1 - Unidade de Doenças Metabólicas, Hospital Dona Estefânia - CHULC, Lisboa, Portugal;
1 - Unidade de Doenças Metabólicas, Área de Pediatria Médica,, Centro de Referência de Doenças Hereditárias do Metabolismo, Centro Hospitalar Universitário de Lisboa Central, Lisboa, Portugal;
2 - Unidade de Rastreio Neonatal, Metabolismo & Genética, Instituto Nacional de Saúde Dr. Ricardo Jorge, Porto, Portugal;
3 - Unidade de Hematologia Pediátrica, Área de Pediatria Médica, Centro Hospitalar Universitário de Lisboa Central, Lisboa, Portugal;
4 - Serviço de Neonatologia, Maternidade Dr. Alfredo da Costa, Área de Pediatria Médica, Centro Hospitalar Universitário de Lisboa Central, Lisboa, Portugal;

- Poster no 17th International Symposium da Sociedade Portuguesa de Doenças Metabólicas, Fátima, 8 a 10 de setembro de 2021 (Prémio de Melhor Poster)

Resumo:
Background: Pearson syndrome (PS) is a rare, multi-systemic disorder, caused by large-scale deletions or duplications of mitochondrial DNA. PS manifests typically in infancy with bone marrow failure, sideroblastic anemia and variable exocrine pancreatic insufficiency. Failure to thrive, lactic acidosis or tubulopathy are common additional findings. The mortality rate is significant in early childhood – those who survive may evolve into the KearnsSayre Syndrome spectrum. With this case series we aim to illustrate the phenotypic spectrum of PS.
PATIENTS 1&2: Male, monochorionic diamniotic twins presented with severe fetal anemia and intrauterine growth restriction. Born at 31 weeks, they evolved with severe pancytopenia, lactic acidosis, tubulopathy, hyperammonemia and left ventricular hypertrophy with lethal outcome – at 27 and 33 days of age – despite transfusional support, bicarbonate, carnitine and filgrastim. A large deletion in leukocyte mtDNA confirmed PS.

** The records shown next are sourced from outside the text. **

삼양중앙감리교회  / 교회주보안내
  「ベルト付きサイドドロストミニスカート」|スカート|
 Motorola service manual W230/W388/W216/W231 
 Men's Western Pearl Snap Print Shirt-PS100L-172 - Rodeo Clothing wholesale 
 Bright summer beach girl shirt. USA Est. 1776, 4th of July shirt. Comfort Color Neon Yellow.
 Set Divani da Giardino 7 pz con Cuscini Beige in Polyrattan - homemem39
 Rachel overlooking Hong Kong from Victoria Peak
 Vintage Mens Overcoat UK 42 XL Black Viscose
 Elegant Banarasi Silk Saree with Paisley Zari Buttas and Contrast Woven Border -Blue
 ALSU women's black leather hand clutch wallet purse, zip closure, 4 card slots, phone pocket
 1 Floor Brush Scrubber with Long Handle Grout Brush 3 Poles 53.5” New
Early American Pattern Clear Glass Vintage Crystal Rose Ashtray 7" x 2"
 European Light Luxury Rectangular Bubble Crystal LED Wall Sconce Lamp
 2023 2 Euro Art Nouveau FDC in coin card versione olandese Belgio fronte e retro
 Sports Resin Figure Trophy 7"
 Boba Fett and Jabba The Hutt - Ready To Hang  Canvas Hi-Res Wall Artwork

PATIENT 3: Male, 11 months old, presented with failure to thrive, recurrent infections, pancytopenia with macrocytosis and persistent hyperlactacidemia. Bone marrow examination showed vacuolized hematopoietic precursors and ringed sideroblasts. Further metabolic study revealed mitochondrial dysfunction and transient low fecal elastase. A large deletion in leukocyte mtDNA confirmed PS. He required multiple admissions for severe infection and metabolic decompensation. At 3 years old he has normal psychomotor development and requires nutritional supplementation and sporadic transfusional support.
PATIENT 4: Female, 15 months old, presented with failure to thrive, feeding difficulties and fatigue. Pancytopenia with severe macrocytic anemia, hyperlactacidemia and persistent low fecal elastase were present in subsequent evaluations. Bone marrow examination revealed vacuolized precursors and a large deletion of mtDNA in leucocytes confirmed PS. At 20 months of age, she has normal growth and psychomotor development and requires regular transfusional support, pancreatic enzyme and nutritional supplementation.
COMMENTS: This case series illustrates the clinical variability of PS. Aplastic anemia and hyperlactacidemia were present in all cases and thus should raise suspicion for PS, especially if exocrine pancreatic or renal tubular dysfunction are present. Follow-up of patients will be needed to evaluate a possible progression into the Kearns-Sayre spectrum or improvement of hematologic manifestations.